Traders Magazine Online News, August 10, 2017

John D'Antona Jr.

24/6/365.

$5.3 trillion per day traded.

That’s the foreign exchange trading market by the numbers, but numbers and data don’t always tell the full story. For many years, FX trading was dominated by a handful of banks and custodians who traded on behalf of institutional investors, But this is changing, according to Vatsa Narasimha, Chief Executive Officer of OANDA, the online multi-asset trading services and foreign exchange solutions for individuals and businesses. Narasimha recently spoke to Traders Magazine about the growth of the retail trading sector and the changing face of the industry.

“The retail trading industry as we know it today emerged as a result of developments in technology,” explains Narasimha. “On the institutional side, technology moved trading from the floor of the exchange to the computer screen, and over the last 15 years or so we’ve seen the same thing happen in the retail trading industry. Increasingly we’re seeing the use of technology to break down the information arbitrage that used to exist between institutional and retail traders. We continue to arm our clients with order book indicators and sentiment analysis, which provide retail clients with the same comprehensive view of client orders and positions that have long been the reserve of professional FX brokers.”

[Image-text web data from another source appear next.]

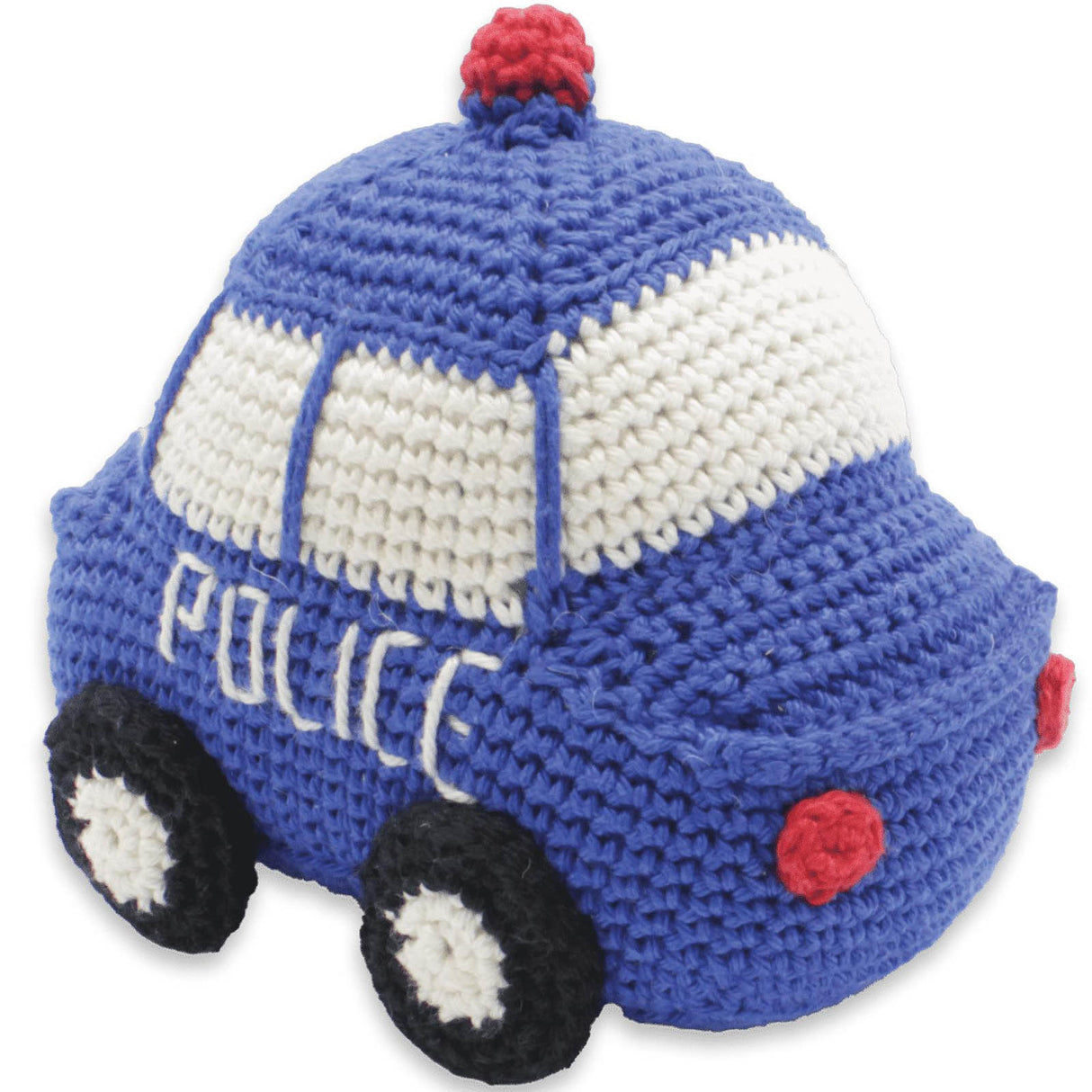 Voiture de police - kit au crochet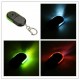 Wireless Anti-Lost Alarm Key Finder Locator Keychain Whistle Sound with LED Light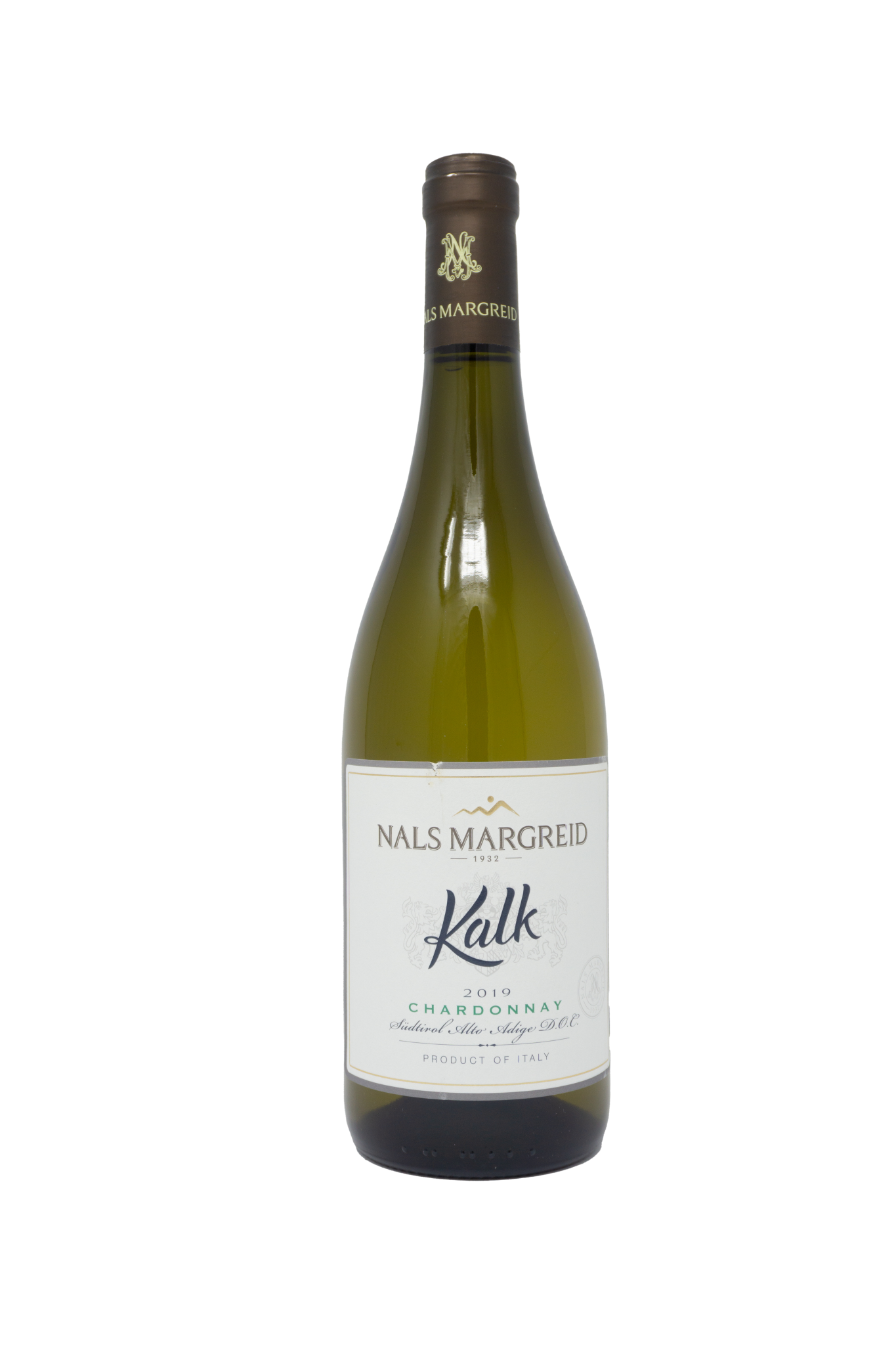 Nals Margreid Alto Adige Chardonnay 'Kalk'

Today, OANDA combines trading technology and institutional-grade execution across a wide range of asset classes, to allow clients to trade global market indices, commodities, Treasuries, precious metals and currencies. However, the company originally began life in 1996 as a small tech firm, built on the belief that the internet and technology would open up the markets to create fair access for everyone.

In 2001 the company launched a platform that helped pioneer the advent of Internet-based currency trading, introducing a host of first to market in the process, such as automated execution, instant settlement on trades, trades of any size between one and 10 million units, and interest calculated by the second. 

However, while Narasimha stands proud of the accomplishments his firm have made in terms of democratizing the forex industry, he is quick to assert that there are significant risks associated with currency trading of which retail investors must be made aware. Leveraged trading does carry significant risk, due in large to the fact that rapid market shifts can result in losses that by far outweigh initial investments. 

The Swiss National Bank crisis of 2015 offers a perfect example, during which time we saw a seismic shift in the markets in a very short space of time. Within a few seconds of the central bank removing the peg, the EUR/CHF rate dropped by 1,615 pips and USD/CHF dropped by approximately 1,405 pips. While some FX traders were left unscathed, traders long CHF in line with the prevailing long-term trend at the time were hit hard, and anyone leveraged by at least 4 to 1 was wiped out completely. Some traders leveraged by greater amounts found themselves with negative balances, owing their brokers five or even six figure sums well in excess of their deposits.